Ein erster Durchbruch zur Erweiterung des Spektrums in der Roten Hilfe gelang 1985 in Kiel: Das langjährige Bemühen zweier in Kiel aktiver Bundesvorstandsmitglieder hatte zum Aufbau guter Kontakte mit Menschen aus dem HausbesetzerInnen- und autonomen Spektrum geführt. Dies zahlte sich jetzt bei einer gemeinsamen Mobilisierung zur Unterstützung des großen Streiks der britischen Bergarbeiter (von denen Hunderte inhaftiert wurden) aus. Resultat der guten Zusammenarbeit war nicht nur, daß komplette politische Zusammenhänge (Knastgruppe, autonome Gruppen, Aktive des Jugendwerks der Arbeiterwohlfahrt, Ermittlungsausschuß) in den Jahren 1985-1987 in die Rote Hilfe eintraten, sondern sich fortan auch an der politischen Arbeit der RH beteiligten.
Auf der Bundesdelegiertenkonferenz 1986 wurde unter anderem beschlossen, daß die RHD in Rote Hilfe (RH) umbenannt und die Delegiertenversammlung durch eine Bundesmitgliederversammlung ersetzt wurde. Damit wurde einerseits dem Zustand der Organisation Rechnung getragen, die mittlerweile aus nicht einmal mehr 600 Mitgliedern bestand, von denen der größte Teil Einzelmitglieder und nicht in einer Ortsgruppe zusammengefaßt war. Andererseits gab es unter vielen an der Mitarbeit in der RH Interessierten Bedenken gegen das Delegiertenprinzip vor allem vor dem Hintergrund der früheren KPD/ML-Gebundenheit und der faktischen Mehrheit tatsächlicher und ehemaliger KPD/ML-Mitglieder in der RH.

Problematik einer Bündnisorganisation

In den folgenden Monaten gründeten sich in Schleswig-Holstein einige neue RH-Gruppen, viele Menschen traten in die Rote Hilfe ein. Relativ schnell zeigte sich, daß die Mitgliederwerbung und Neugewinnung Aktiver ihre Tücken hatte: Die Ortsgruppen in Schleswig-Holstein waren auch zu einem Sammelbecken für Menschen geworden, die auf der Suche nach einer allgemeinpolitischen Gruppe waren.
Neben einer Fraktion des proletarischen Klassenkampfes, die sich in Kiel innerhalb der Roten Hilfe organisierte und die RH als Parteiersatz funktionalisieren wollte, waren dies vor allem Menschen aus dem autonomen Spektrum, die in der Roten Hilfe einen Ersatz für eine allgemeinpolitische Organisation suchten.

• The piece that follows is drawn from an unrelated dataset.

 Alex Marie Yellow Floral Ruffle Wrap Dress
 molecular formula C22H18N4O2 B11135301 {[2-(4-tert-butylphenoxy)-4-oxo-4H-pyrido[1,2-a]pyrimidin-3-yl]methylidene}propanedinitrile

Eine Zeit lang blockierte die interne Auseinandersetzung fast vollständig die Arbeit der Roten Hilfe. Obwohl 1987 fast 200 Menschen in die RH eintraten, neue Ortsgruppen gegründet worden waren, kam die Arbeit fast ganz zum Erliegen, weil unterschiedliche Spektren versuchten, ihre allgemeinpolitischen Ziele durchzusetzen. Erst im Anschluß an die Bundesmitgliederversammlung im Juni 1988 konnte der neue Bundesvorstand die Auseinandersetzungen zumindest teilweise beenden oder in für die RH produktive Bahnen lenken.

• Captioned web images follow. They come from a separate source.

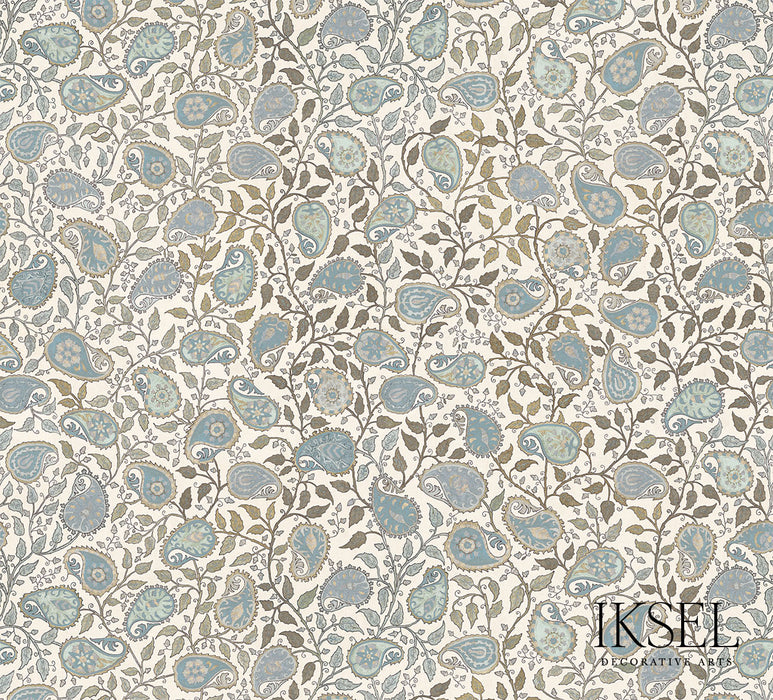 Schumacher Suzani Paisley Blues Wallpaper Sample IK8700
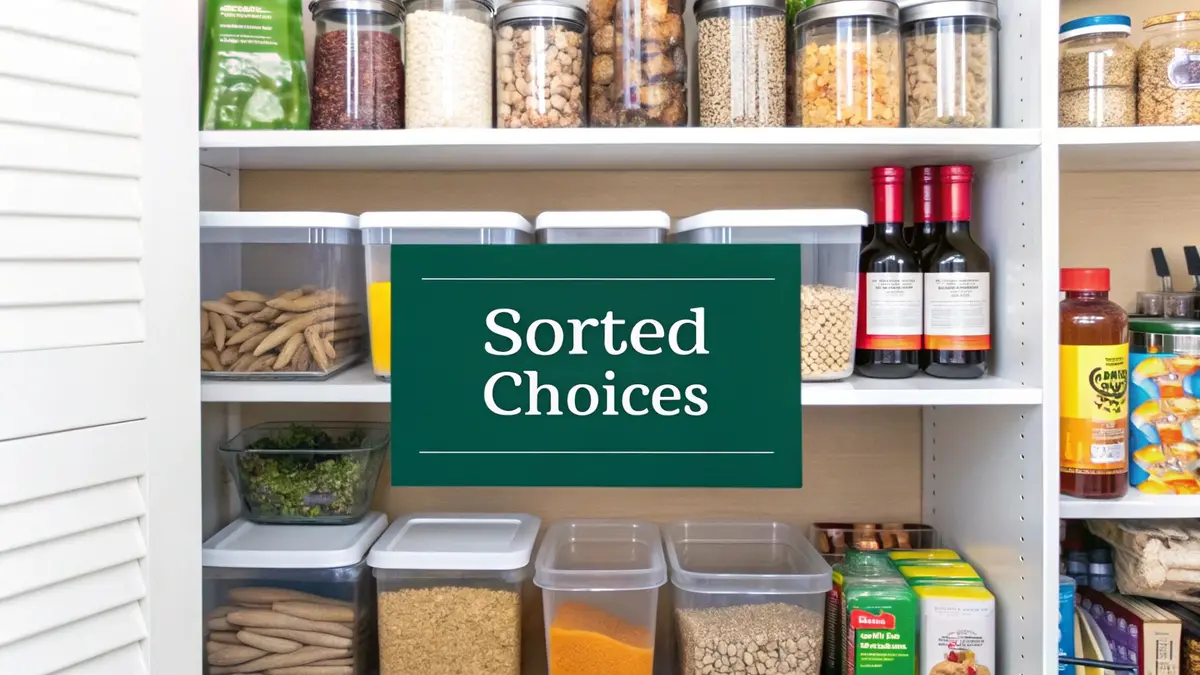 Organized pantry with labeled containers and baskets.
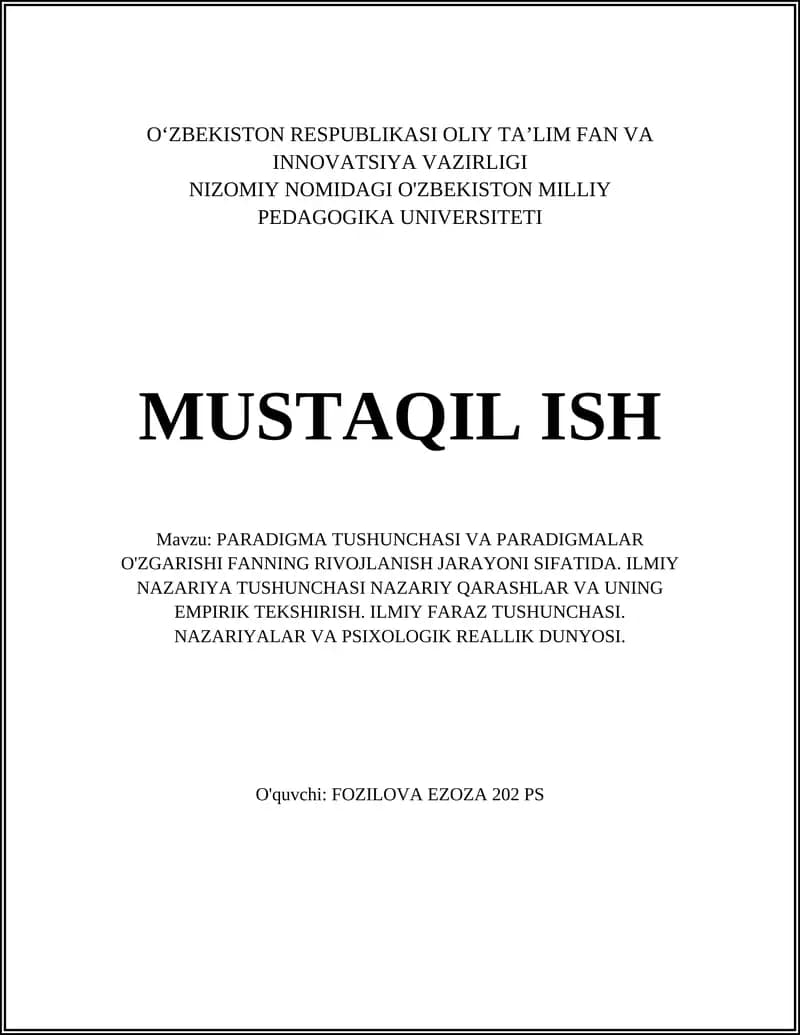 PARADIGMA TUSHUNCHASI VA PARADIGMALAR O'ZGARISHI FANNING RIVOJLANISH JARAYONI SIFATIDA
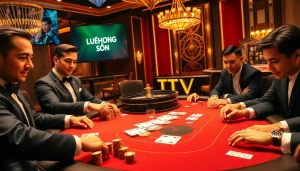 Experience thrilling poker gameplay at Luong Son TV, featuring elegantly dressed players and vibrant casino elements.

Ein besonderes Verdienst kam hier der Berliner Ortsgruppe zu, die früh die Bedeutung einer klaren und eindeutigen Definition der RH als Schutz- und Solidaritätsorganisation ohne allgemeinpolitische Betätigung erkannte und für diese Vorstellung warb.

Die Entwicklung seit 1990

Ende der 80er Jahre wurde es erforderlich, die Struktur der Roten Hilfe zu überdenken. Die Rote Hilfe wuchs und an verschiedenen Orten entstanden neue Aktivitäten. Die Organisation der Ortsgruppen war aber nur unzureichend geregelt. Es war nicht klar, welchen Status die Arbeit vor Ort überhaupt hatte, so daß entsprechende Anfragen nicht befriedigend beantwortet werden konnten. Die Vergrößerung der Organisation drohte die Rote Hilfe zu lähmen.
Auf mehreren Mitgliederversammlungen war es zu der Situation gekommen, daß die ausrichtenden Ortsgruppen die Versammlungen in Abstimmungen und Diskussionen dominieren konnten. Dies wurde als undemokratisch kritisiert, weil die Mitgliedschaft aus den anderen Orten in den Abstimmungen nicht repräsentiert wurden und Abstimmungsergebnissse nach der Wahl der Tagungsorte willkürlich zustande kamen.
Vor diesem Hintergund wurde auf der Mitgliederversammlung 1990 in Berlin eine Satzungskommission ins Leben gerufen, die bis zur nächsten Versammlung ein neues Satzungskonzept vorlegen sollte. Es wurde ein völlig neuer Satzungsentwurf entwickelt, der wieder eine Delegiertenversammlungen vorsah. In diesem Zusammenhang wurden erstmals die Strukturen der Ortsgruppen definiert und die Rechte der Einzelmitglieder geregelt, so daß ein umfassendes Konzept zur demokratischen Beteiligung aller Mitglieder entstand. Die Ortsgruppen bekamen einen klaren Rahmen, in dem sie sich organisatorisch und politisch bewegen können und sind dadurch in ihren Rechten und Aufgaben sehr gestärkt worden. Diese Satzungsänderungen wurden auf der Bundesmitgliederversammlung 1992 verabschiedet. Seither werden die Delegierten auf Orts- und Regionalmitgliederversammlungen gewählt.
Auf dieser Bundesmitgliederversammlung (BMV) 1992 sollte nicht nur darüber entschieden werden, ob es weiter Mitglieder- oder wieder Delegiertenversammlungen geben sollte. In diversen Papieren und Diskussionsbeiträgen wurde im Vorfelde der BMV deutlich, wie weit die inhaltlichen Vorstellungen nach wie vor auseinandergingen. Die Diskussion spitzte sich um die Ausgestaltung des §2 der Satzung, in dem es um den Zweck der Roten Hilfe geht, zu. Auf dem Tisch lagen unterschiedliche Vorschläge, an denen sich zwei Grundlinien abzeichneten: Während ein Teil der RH die Satzung noch enger fassen wollte, um eine Entwicklung als Parteiersatz, Richtungsorganisation oder karitatives linkes Rotes Kreuz zu verhindern, ging es anderen darum, sich entweder Spielräume offen zu halten oder neue Tätigkeitsfelder der RH zu definieren, wie beispielsweise die Unterstützung von Opfern rassistischer Gewalt oder allgemeinpolitische Stellungnahmen in bestimmten Situationen.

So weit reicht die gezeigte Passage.